··· Provided entries ···
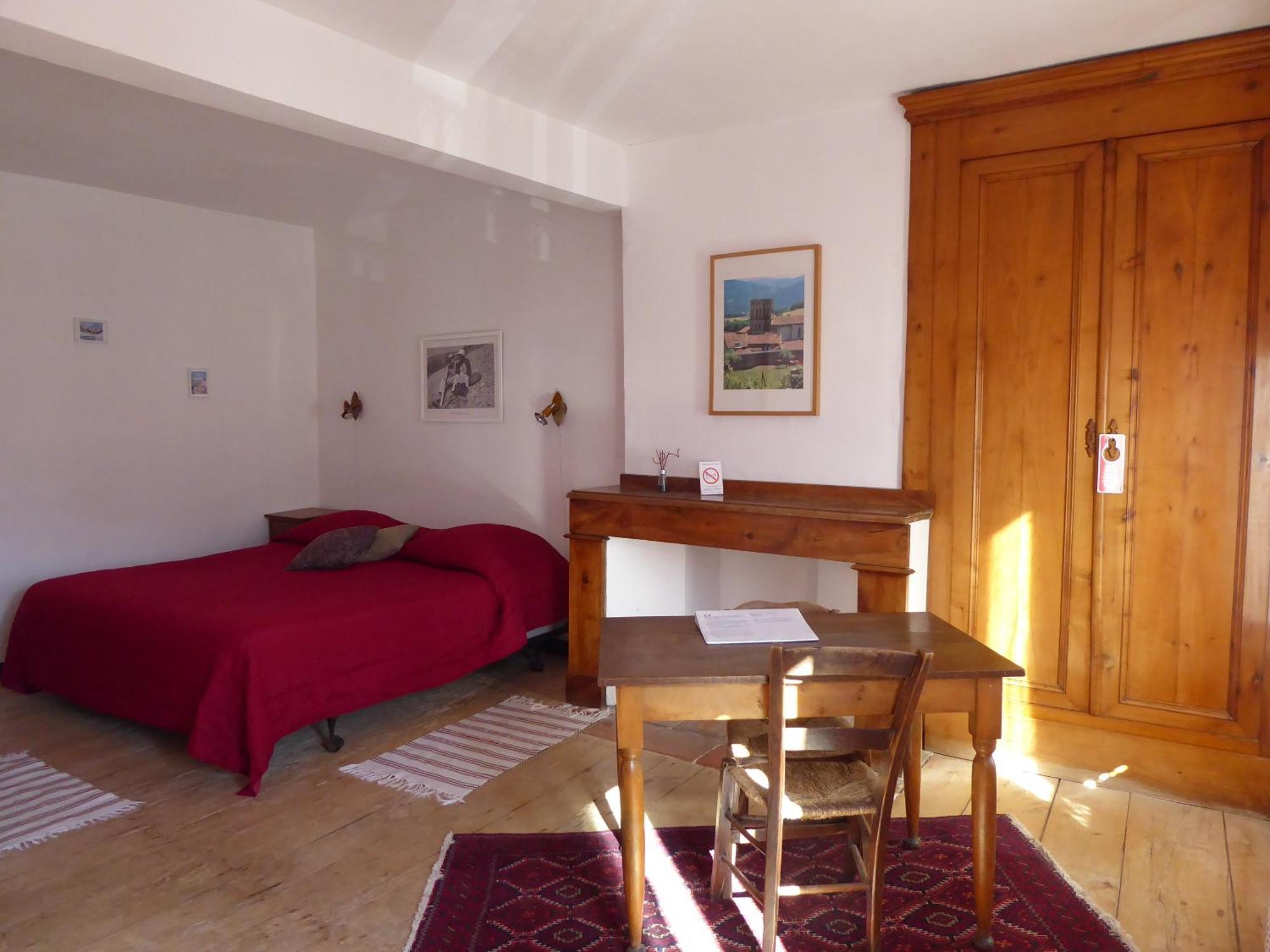 Seix Auberge L'Escaleta מראה חיצוני תמונה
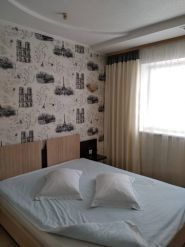 Фортеця, готель фото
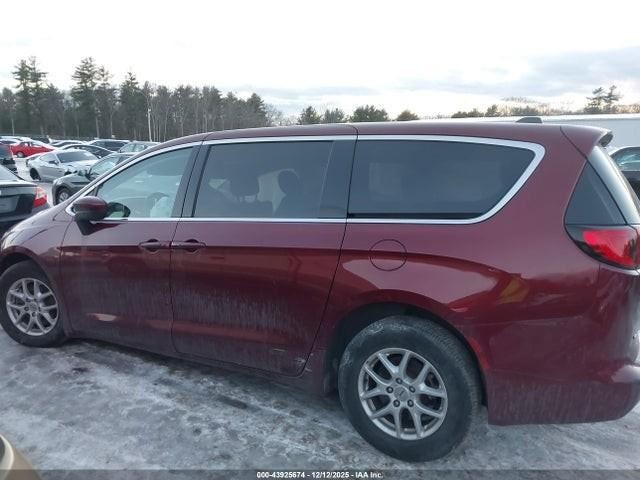 Engine ECM Electronic Control Module Gasoline Fits 20-24 PACIFICA 923963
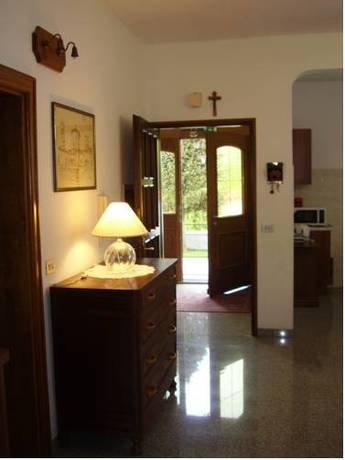 Imagen general del Hotel Casa da Emanuela. Foto 9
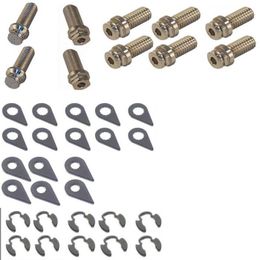 STG-8928S, Stage 8 Locking Fasteners Intake Manifold Bolts 8928S في الإمارات, دبي. Condition - new. Price 190 AED. Photo, seller contacts | AUTO.AE
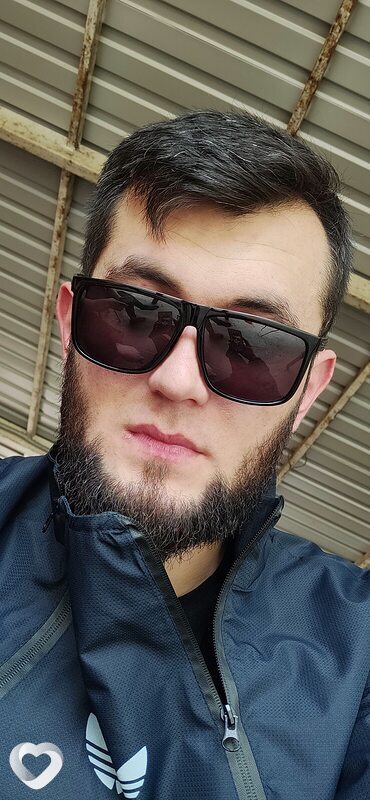 Азамат, 30, Набережных Челнах — анкета №976863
···
__Exercise__
So that the copy stays exact, reproduce each record word for word and leave its images out.

__Final answer__
 Seix Auberge L'Escaleta מראה חיצוני תמונה
 Фортеця, готель фото
 Engine ECM Electronic Control Module Gasoline Fits 20-24 PACIFICA 923963
 Imagen general del Hotel Casa da Emanuela. Foto 9
 STG-8928S, Stage 8 Locking Fasteners Intake Manifold Bolts 8928S في الإمارات, دبي. Condition - new. Price 190 AED. Photo, seller contacts | AUTO.AE
 Азамат, 30, Набережных Челнах — анкета №976863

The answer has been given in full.